Questo corpo ferito è messo in un sepolcro. La parola "mnēmeion" che indica sepolcro, tomba, ha la stessa radice di "memoria" imparentata con la parola "morte". L’uomo è memoria di morte, tutto ciò che facciamo nella vita è per  evitare la morte che ricordiamo sempre; noi abbiamo costantemente una memoria di morte, che è la nostra sorte.
Però non è tutto qui. Non finisce così. Daremmo ragione ai discepoli di Emmaus, che tristemente ritornarono alle loro cose, mettendo una grossa pietra su tutto e su loro stessi.
Gesù con la sua morte capovolge la situazione. Il sepolcro nuovo donato da Giuseppe è diventato la stanza nuziale. Ci sono 33 chili di profumi dello sposo e il giorno di Pasqua troveranno i teli di lino stesi, cioè il letto preparato per l’incontro. 
Quindi la morte svanisce rimane il profumo di vita.
Giuseppe di Arimatea vivrà di quest'incontro, di questo profumo di vita e sarà per tutti noi, traccia eloquente di quanto viene vissuto.

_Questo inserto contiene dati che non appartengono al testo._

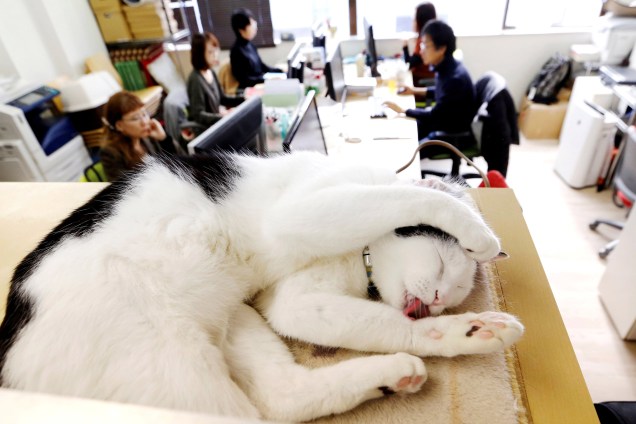 Funcionários de empresa japonesa trabalham enquanto gato de estimação da firma dorme em uma estante, em Tóquio, Japão - 05/12/2017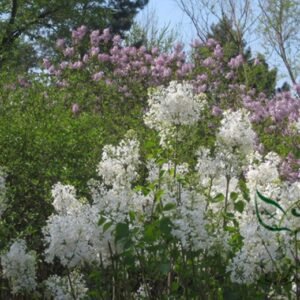 Syringa Oblata, Early Blooming Lilac Seed 2000 PCS, Broadleaf Lilac Zidingxiang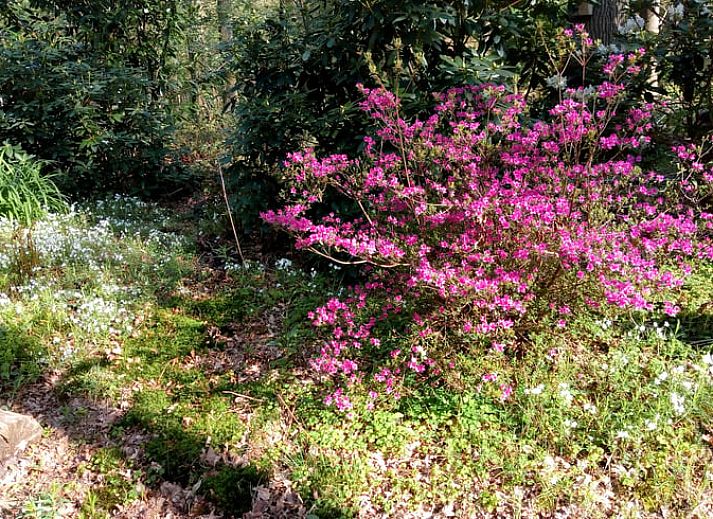 Das Ferienhaus in Norg liegt in den gruenen Waeldern von Nord-Drenthe und bietet eine ruhige Flucht in die Natur von Drenthe.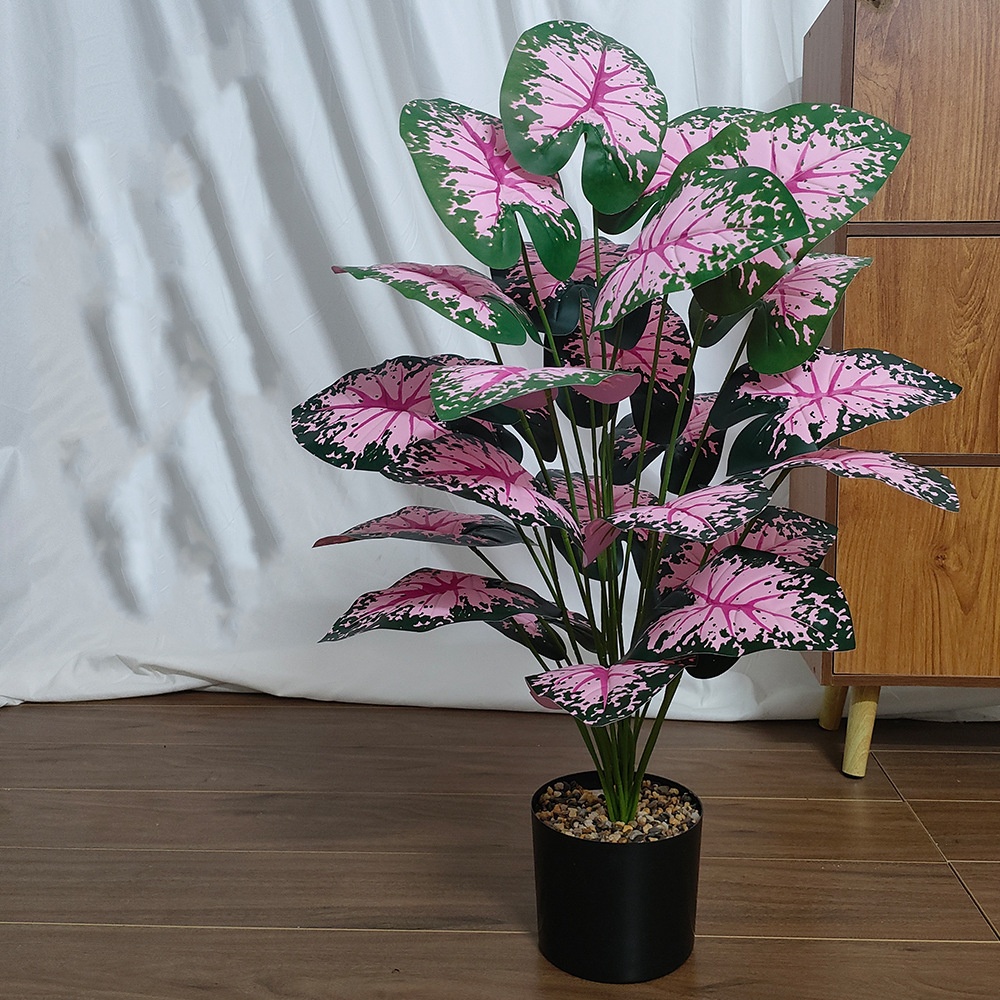 Piante in vaso con foglie rosa - Desk Setup Plant recensione e prezzo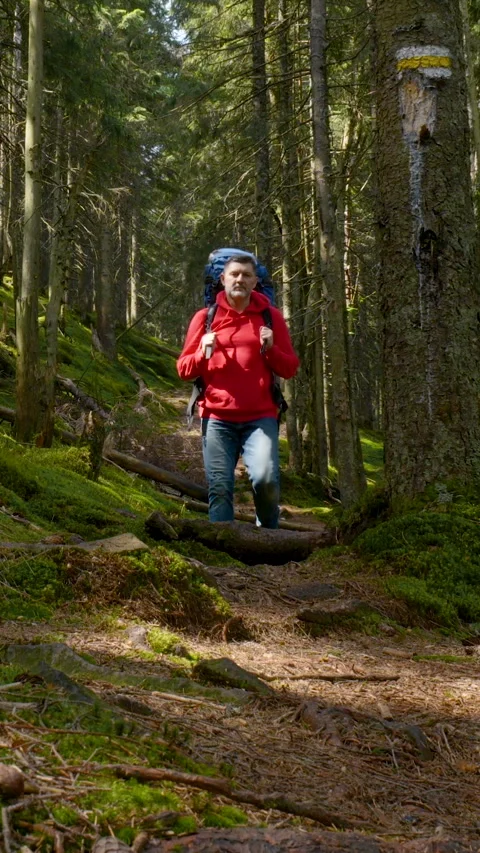 Backpacker Hiking Along Mountain Forest Trail Carrying Large Rucksack Video stock 337162285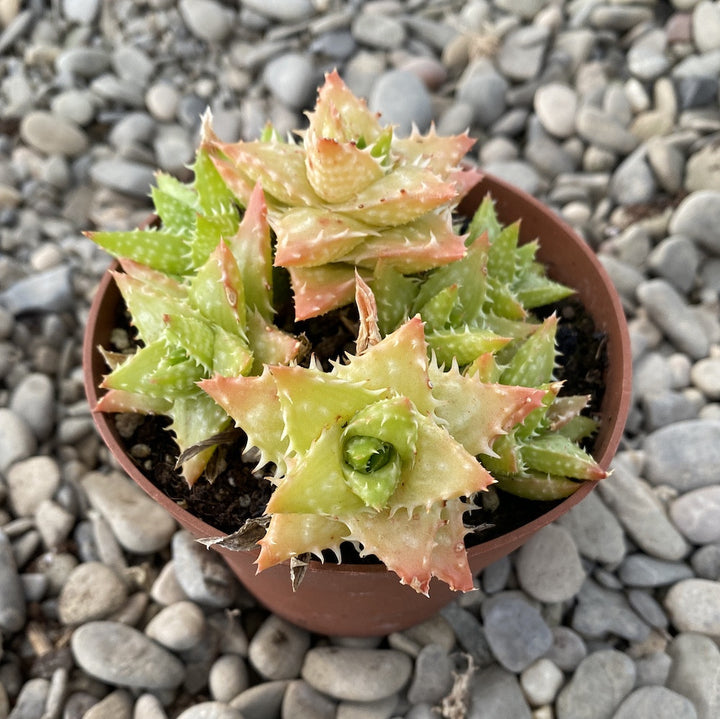 Aloe squarrosa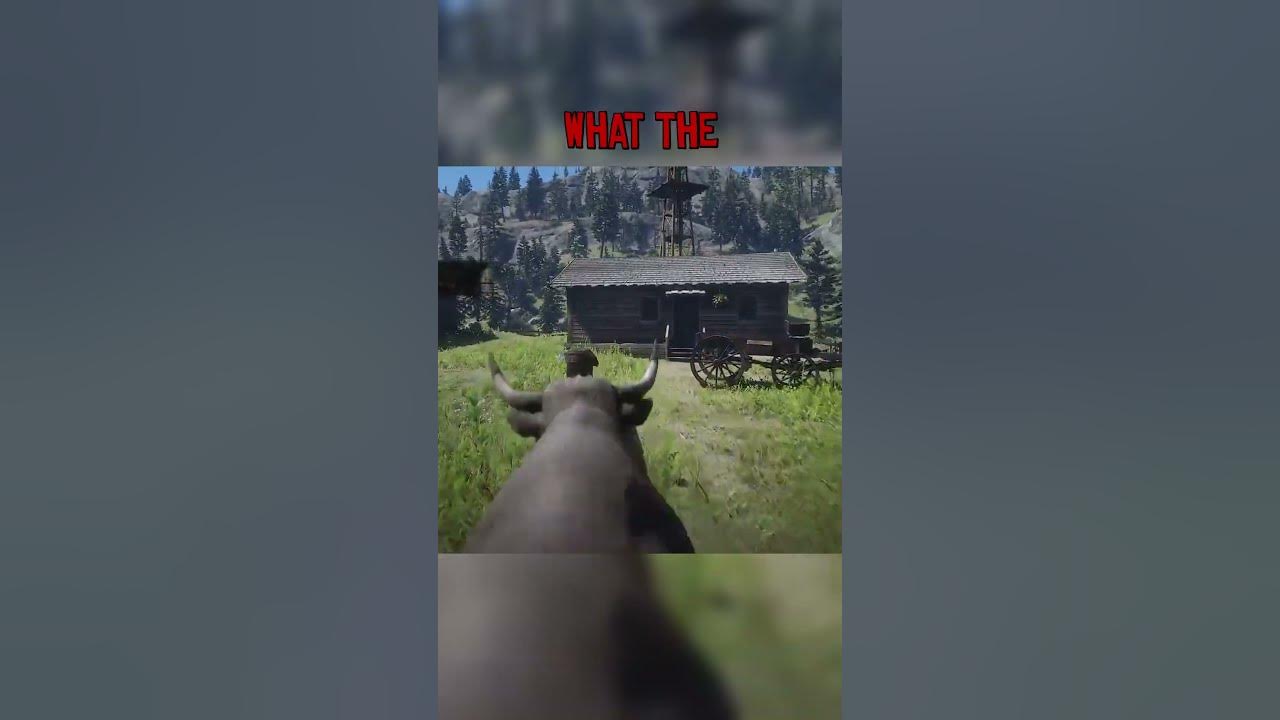 The Bull doesn't like John... RedDeadRedemption2 RDR2 JohnMarston
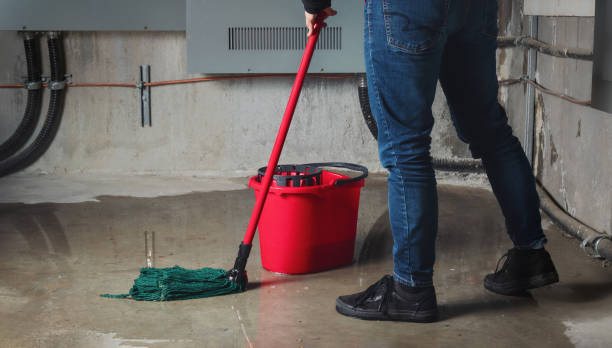 Best Basement water damage restoration  in Le Roy, IL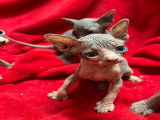 Chatons Sphynx LOOF à vendre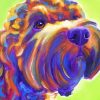 Colorful Cockapoo paint by numbers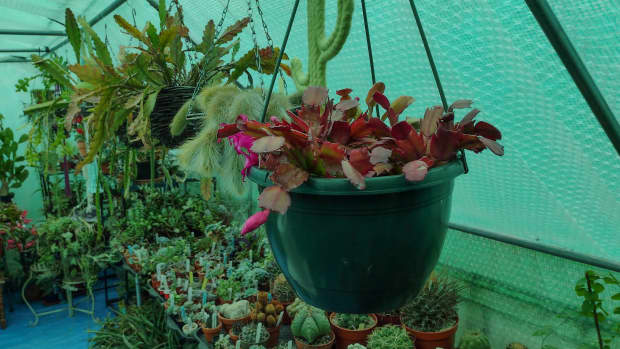 5-tips-for-overwintering-cacti-from-watering-less-to-checking-for-pests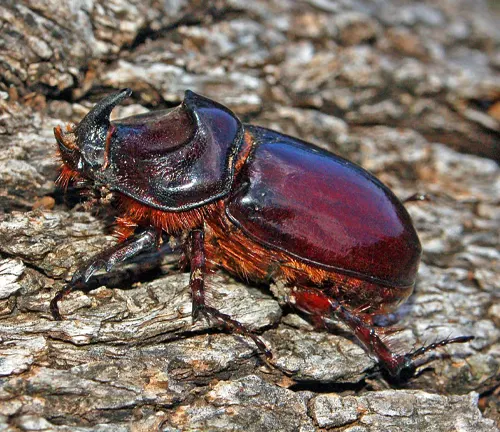 European Rhinoceros Beetle
(Oryctes nasicornis)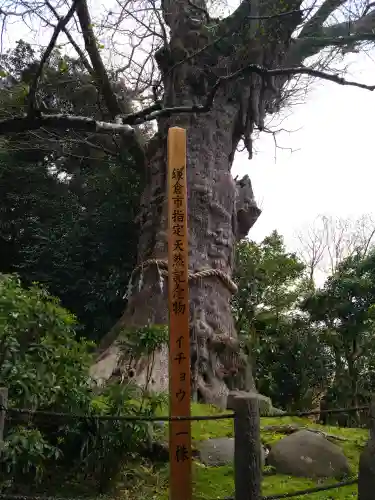 荏柄天神社(神奈川県)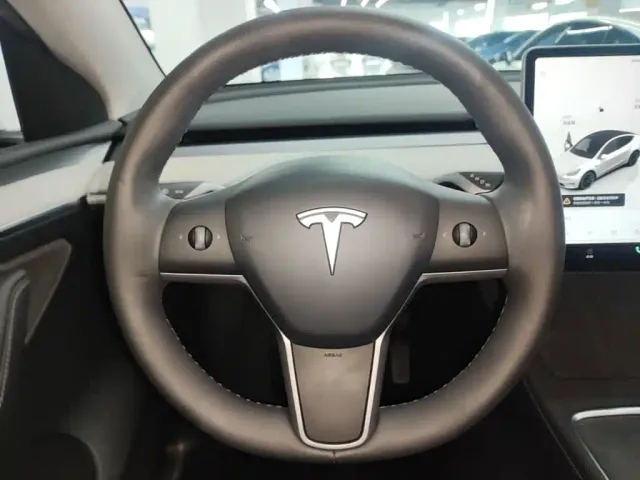 Tesla Model Y — Фото автомобиля 10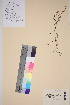  ( - TROM_V_54690_sg)  @11 [ ] CreativeCommons - Attribution Non-Commercial Share-Alike (2016) Unspecified Tromso University Museum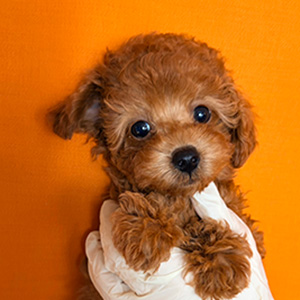 タイニープードルのレッドの女の子｜2025年12月13日生まれ｜No.11091｜画像1枚目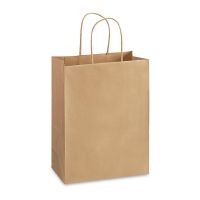  Пакет бумажный с ручками 290*270*170 мм 70 г/м2 КРАФТ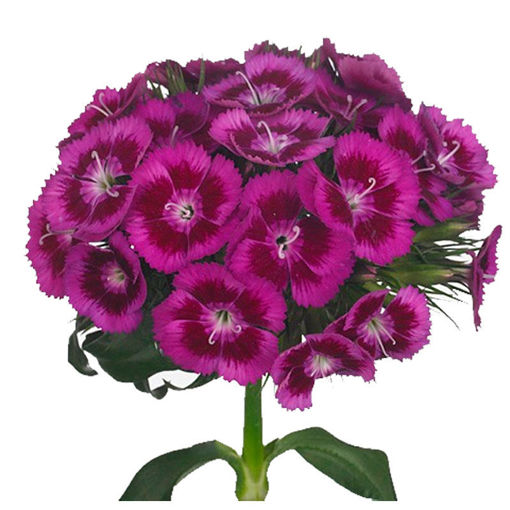 Picture of Dianthus Barbatus Purple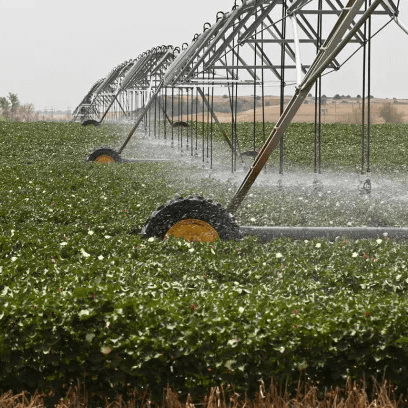 EcologicalCultivation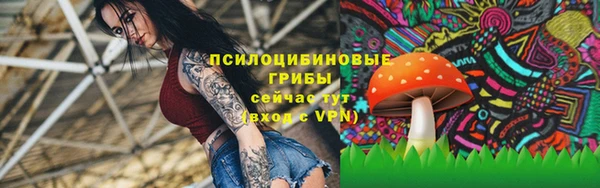 стафф Бронницы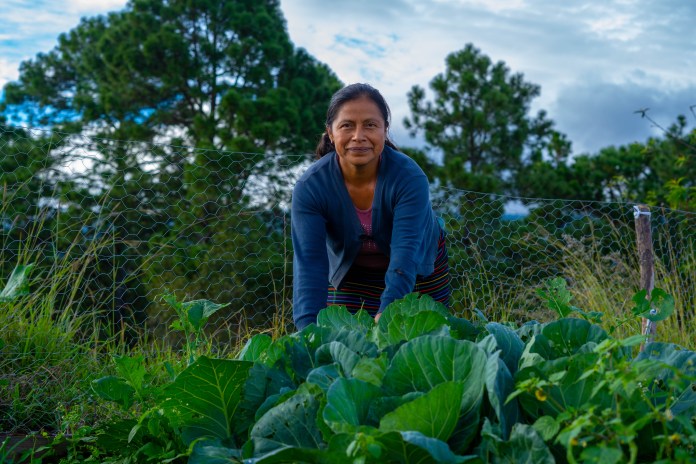Mujeres de Huehuetenango reciben capacitación sobre agricultura. Foto: Programa Mundial de Alimentos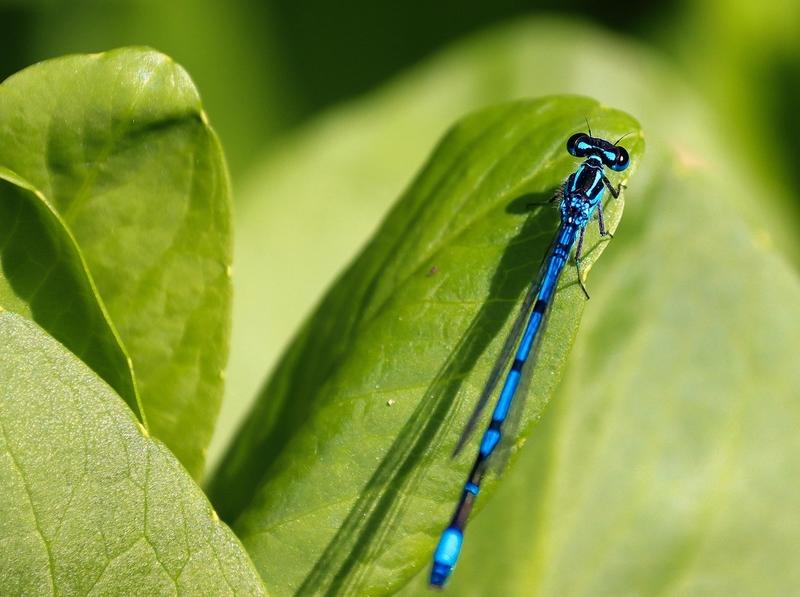 À la rencontre des petites bêtes aquatiques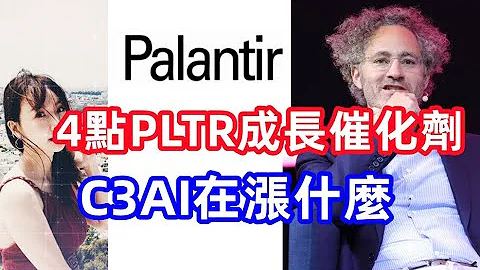 【美股PLTR】Palantir下一个股价增长的催化剂 ，谁将主宰AI大数据？EP115【CC字幕】 - 天天要闻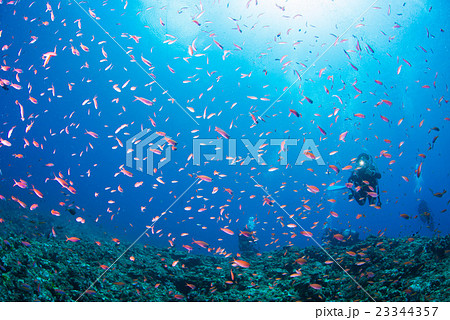 アカネハナゴイとダイバー 23344357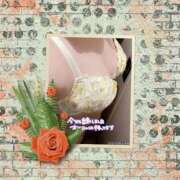 ヒメ日記 2025/06/16 12:54 投稿 香坂 熟女の風俗最終章 横浜本店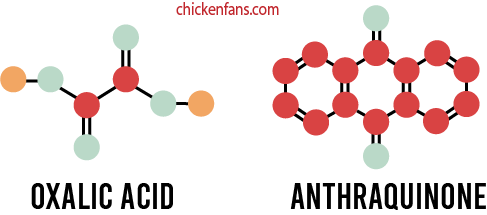 oxalic acid and anthraquinone, two components that will play a role in the intestins of chickens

Rispondi a Dio con le sue stesse parole 
Dal profondo a te grido, o Signore; 
Signore, ascolta la mia voce.
Siano i tuoi orecchi attenti 
alla voce della mia preghiera.
 
Se consideri le colpe, Signore, 
Signore, chi potrà sussistere? 
Ma presso di te è il perdono: 
e avremo il tuo timore.

Io spero nel Signore,
l'anima mia spera nella sua parola.
L'anima mia attende il Signore
più che le sentinelle l'aurora.

Israele attenda il Signore,
perché presso il Signore
è la misericordia
e grande presso di lui la redenzione.
Egli redimerà Israele
da tutte le sue colpe. (Salmo 130).

L’incontro con l’infinito di Dio è impegno concreto nella quotidianità
"Ti fu proibito di toccare la pianta simbolica della vita; ma io, che sono la vita, ti comunico quello che sono. Ho posto dei cherubini che come servi ti custodissero. Ora faccio sì che i cherubini ti adorino quasi come Dio, anche se non sei Dio. Il trono celeste è pronto, pronti agli ordini sono i portatori, la sala è allestita, la mensa apparecchiata, l’eterna dimora è addobbata, i forzieri aperti. In altre parole, è preparato per te dai secoli eterni il regno dei cieli" (da un'omelia sul sabato santo).